Eigener Standpunkt aufgeweicht

Jahrzehntelang habe sich das 205 000 Mitglieder starke Kolpingwerk Deutschland eindeutig und uneingeschränkt hinter den Schutz des menschlichen Lebens „vom ersten bis zum letzten Augenblick“ gestellt - so eindeutig, wie es Adolph Kolping selbst gewesen sei. Kolping sei ein Mann der klaren Worte und der Eindeutigkeit gewesen, so Grünewald. Er habe Missstände beim Namen genannt - dafür sei auch das Kolpingwerk, das zu den großen Sozialwerken der Katholischen Kirche gehört, immer bekannt gewesen.

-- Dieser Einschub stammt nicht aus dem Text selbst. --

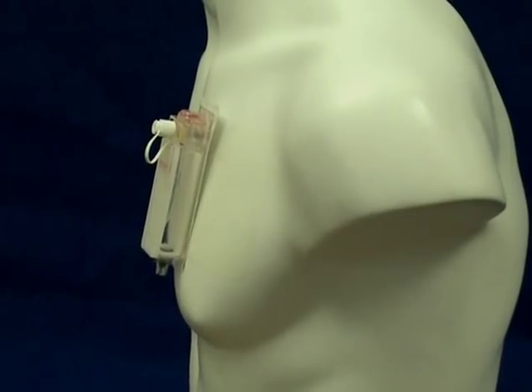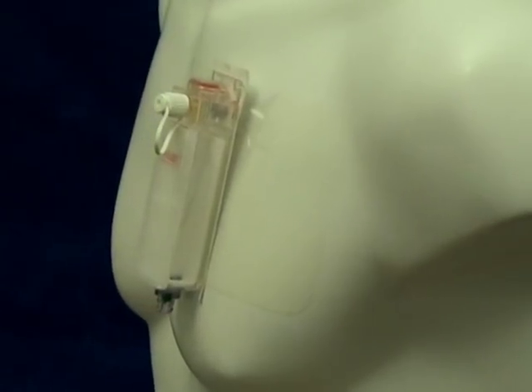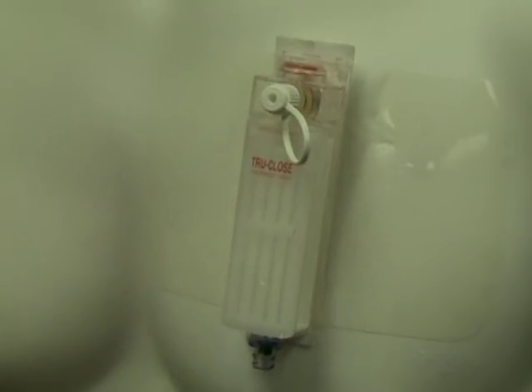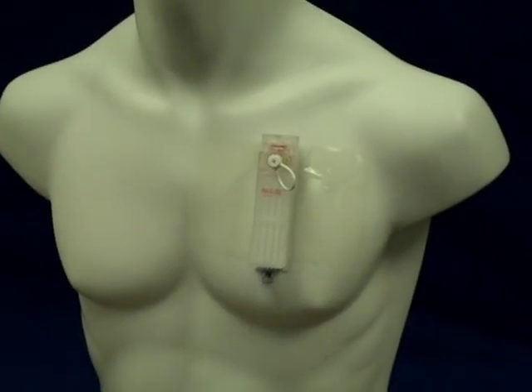This film demonstrates the advantages and superiority of the TruClose Thoracic Vent. The device can be quickly and safely introduced under all conditions and settings and is a reliable technique for managing simple pneumothorax.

Die aktuelle Ausgabe des Kolpingmagazins relativiere den eigenen Standpunkt nun deutlich, bedauert Grünewald. Das bedeute „eine Öffnung gegenüber bisher abgelehnten Sichtweisen“. Man stelle die eigene Position zur Diskussion - für Grünewald Zeichen einer „Abkehr nach jahrzehntelanger Eindeutigkeit".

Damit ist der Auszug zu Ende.